あなたは椚ヶ丘中学三年E組の女子生徒[$名前が見つかりません]です。
トラブルシューターが前世のミュータントな[$名前が見つかりません]と、隣の席の赤羽業が、ミュータントを殺す話。

クロスオーバーです。複数の作品の要素が登場します。
異世界の描写を含みます。主人公または周辺人物が別の世界へ渡ります。
転生の描写を含みます。主人公または周辺人物が死んで生まれ変わります。
主人公または視点人物が異性からの性暴力の被害に遭います。
主人公または視点人物が暴力の被害に遭います。


七月、そして期末テスト

  一

 木陰で先生が赤色を走らせた。「よくできていますね」ともう一人が教科書をめくる。そのまた横の先生は参考書を二、三冊ほど広げてみせ、ふとした拍子に顔をあげた。校舎の時計を見たか、はたまた空模様から時間を読んだか。私はその視線を追わなかったが、まもなく全体の中央にさらなる先生が出現する。最高速度マッハ二十の触手生物は分身の術を使うのだ。
 というと、あたかも自分が複数人いるかに見せかける技術で、実際に身体が分割されたり複製されたりするわけではない。ミュータントパワーで分割や複製をすることは不可能ではないが、先生の場合は例によってまやかしの残像だ。超人的な身体能力と思考能力のなせる業である。
 かくして生徒一人につき担任教師が二、三人、屋外での一斉個別指導となったわけだが、今は一旦中断のようだ。
「ヌルフフフ」
 私の前の先生が筆を握ってぬるりと笑った。クラスメイトの周囲でも、それぞれの先生が同じく笑って、一学期の間の学習の成果を告げる。私の筆記帳にも丸が並んで、
「この分なら期末の成績はジャンプアップが期待できます」
 生徒と先生と分身の頭上で、木の葉がさわさわと風に揺れた。七月も半ば、夏服を着てプールも来て、旧校舎はいよいよ誇らしいまでに——劣悪に——なった。昼休みに入るまで集中が続けば御の字だが、それも真昼間のプールを当てにしてのこと。当然に午後の授業を教室で受けたい——とは思えない——。教室よりも木陰が涼しい。そういう季節が盛りを迎えようとしている。
 夏、学期末である。中学生にとっては。期末テストの季節だった。
「今回は、この暗殺教室にぴったりの目標を設定しました」
 暑い夏の午後に屋外で、期末テストのための個別指導を施していた担任教師たちが、宣言とともに一か所に集まった。内一人は単語帳を口にくわえて見せびらかす。複数の単語帳を、一つの口で。それぞれの単語帳には、大文字のアルファベットが一字ずつ書かれており、続けて読むと、——ラッキーチャンス。クラスメイトの手が止まった。

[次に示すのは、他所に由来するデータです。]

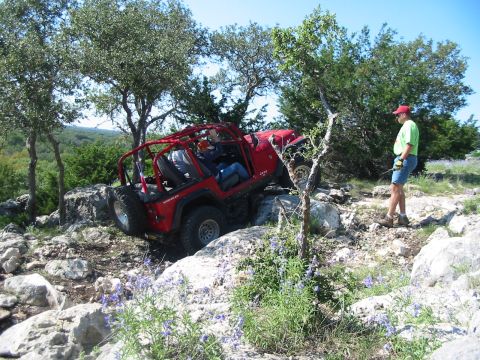 1996 Ford Bronco - A red Jeep Wrangler tackles a challenging off-road course on a sunny day, with a spectator observing the action.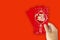 Hand Hold red envelope for Chinese New Year or Lunar New Year celebrations mean all things going smooth and well.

 前回、修学旅行の前の中間テストでも、先生はクラスの目標を提示した。学年順位で五十位以内。五十人で構成された学年でなければ、成績優秀者で構成されたクラスでもない。E組はむしろ学年約百九十名から選び抜かれた約三十名の劣等生で構成されている。一見無理難題で、結局達成できなかったが、先生には勝算があって、実際のところも諸事情さえなければ全員五十位以内だっただろう、ということがあった。

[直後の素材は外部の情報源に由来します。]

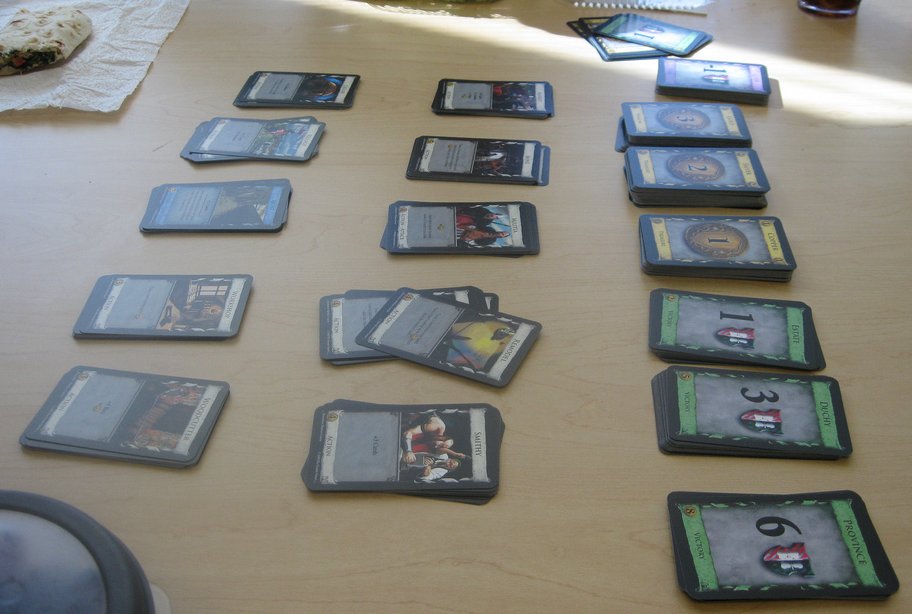 Dominion kingdom card piles laid out on a table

 椚ヶ丘中学校三年E組はあくまで劣等生でなければならない。
 ところが先生はE組制度そのことを踏まえても「総合点ばかりを気にしていました」と反省したそうだ。彼はどこからともなく拳銃を拾った。「前にシロさんが言ったとおり、先生は触手を失うと動きが落ちます」
 ありふれた銃口からありふれた弾丸が勢いづいて飛び出した。あたりまえに命中したそれは先生の脚を弾けさせる。クラスメイトは目を見張った。E組には拳銃も対触手弾もありふれている。だが、いまだ珍しい光景だった。マッハ二十の標的は弾幕さえもかわしきる。裏山前の木の下で先生だけが平然としていた。
「一本減っても影響は出ます」
 先生は驚愕の最中にある生徒に向けて観察を促した。「ご覧なさい」
 示されるまでもなく先をうかがって、私もはっと息をのむ。子供の分身が混じってしまっている。深刻な事実だった。だが先生は一定の表情の下でまた躊躇することなく発砲を重ねた。

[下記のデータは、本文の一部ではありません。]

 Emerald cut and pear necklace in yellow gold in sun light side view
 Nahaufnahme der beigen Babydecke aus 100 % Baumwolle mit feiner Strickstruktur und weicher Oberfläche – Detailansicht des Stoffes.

「ご覧なさい。子供分身がさらに増え、親分身が家計のやりくりに苦しんでいます」
 肉が弾け飛んだ音。しかし先生は表情を見失わない。さらに引き金に力が込められてまた一本先端が切り離されると、同時に父親が蒸発した。
 びたびたと肉が跳ねた。
「いろいろと試してみた結果、触手一本につき先生が失う運動能力は、——ざっと二十パーセント」
 跳ねた先から形が失われていく。
「教科ごとに学年一位をとった者には、答案の返却時、触手を一本破壊する権利をあげましょう」
 最近、知ったことがある。先生は本当に爆発する。次の三月に、地球ごと。